How an 18th-century Ukrainian song inspired a Jew from the Dnipro River region and Zionist activist and helped Jewish pioneers endure their difficult trials in the early 20th century.

“The Cossack Rode Beyond the Danube” [Yikhav kozak za Dunai] is a Ukrainian love song written by Semén Kovalevsky, a Cossack of the Kharkiv Regiment, who was also a philosopher and a poet. This well-known song, which has been popular at least since the 1750s, is about a Cossack saying goodbye to his beloved before his departure on a distant campaign

In 1816  the famous composer Ludwig von Beethoven reworked the song. Beethoven was on friendly terms with Аndrii Razumovsky, the ambassador of Russia to Аustria. The son of the last Ukrainian hetman Kyrylo Rozumovsky, Аndrii had аffection for the culture of his ancestors. It is likely that Rozumovsky himself sparked Beethoven’s interest in Ukrainian folklore. In his reworking, “The Cossack Rode Beyond the Danube” entered German musical culture in the form of the song “Schöne Minka, ich muß scheiden” (Beautiful Minka, I Must Go), which was set to the words of the poet Christoph August Tiedge. The Cossack plot remained practically intact: A warrior says goodbye to his beloved and sets off on a campaign.

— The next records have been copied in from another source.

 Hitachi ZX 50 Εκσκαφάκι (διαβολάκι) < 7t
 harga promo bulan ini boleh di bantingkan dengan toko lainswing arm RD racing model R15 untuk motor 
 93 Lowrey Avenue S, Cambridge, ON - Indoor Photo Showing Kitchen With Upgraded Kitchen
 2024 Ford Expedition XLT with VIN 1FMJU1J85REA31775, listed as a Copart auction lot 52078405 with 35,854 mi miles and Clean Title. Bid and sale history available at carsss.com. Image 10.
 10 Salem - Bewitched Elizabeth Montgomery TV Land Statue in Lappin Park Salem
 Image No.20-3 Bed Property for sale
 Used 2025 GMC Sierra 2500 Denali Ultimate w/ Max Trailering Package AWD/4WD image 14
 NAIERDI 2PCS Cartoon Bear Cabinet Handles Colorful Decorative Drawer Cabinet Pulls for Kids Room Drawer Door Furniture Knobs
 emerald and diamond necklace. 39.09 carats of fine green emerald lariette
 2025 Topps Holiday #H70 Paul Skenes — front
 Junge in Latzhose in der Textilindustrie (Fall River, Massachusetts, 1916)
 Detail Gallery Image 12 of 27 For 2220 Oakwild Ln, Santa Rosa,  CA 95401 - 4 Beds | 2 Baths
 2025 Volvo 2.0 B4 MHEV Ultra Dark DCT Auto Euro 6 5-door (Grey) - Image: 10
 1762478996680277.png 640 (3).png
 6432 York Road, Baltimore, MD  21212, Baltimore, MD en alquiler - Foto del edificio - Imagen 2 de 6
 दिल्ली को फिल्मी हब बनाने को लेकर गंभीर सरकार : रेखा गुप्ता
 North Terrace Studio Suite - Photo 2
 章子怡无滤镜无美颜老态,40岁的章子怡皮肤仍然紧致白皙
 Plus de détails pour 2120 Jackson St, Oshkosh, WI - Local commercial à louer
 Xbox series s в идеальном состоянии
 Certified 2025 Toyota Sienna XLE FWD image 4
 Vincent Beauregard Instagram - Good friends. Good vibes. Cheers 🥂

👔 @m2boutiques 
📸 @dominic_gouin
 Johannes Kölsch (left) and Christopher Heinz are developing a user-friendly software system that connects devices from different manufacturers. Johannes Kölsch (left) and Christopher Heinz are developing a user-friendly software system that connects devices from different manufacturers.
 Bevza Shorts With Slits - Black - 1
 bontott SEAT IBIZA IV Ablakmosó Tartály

In 1916, exactly a hundred years after Beethoven’s reworking, “The Cossack Rode Beyond the Danube” was unexpectedly reborn—in Hebrew, in the Land of Israel. Set to the melody of this song was a completely different text featuring Zionist slogans that were important in that place and time. How did this happen?

In October 1914, the Ottoman Empire, which ruled over this region at the time, entered the First World War on the side of Germany and Austro-Hungary. As early as December 1914, the Turkish authorities began arresting and deporting Jews who were subjects of “enemy states.” In 1915 the wave of persecution escalated. After the massacre of Armenians in the spring of 1915, Jews had serious concerns that the Turkish terror would extend to them. Hunger and unemployment raged in the country, and the economy declined because of the war.

The Turks deported to the Egyptian city of Alexandria thousands of Jews from Tel Aviv, Jerusalem, and Jewish settlements that had been founded in the late nineteenth century. The future first prime minister of Israel, David Ben-Gurion, and the second president of Israel, Yitzhak Ben-Zvi, the latter of whom was born in Poltava, were among the deportees.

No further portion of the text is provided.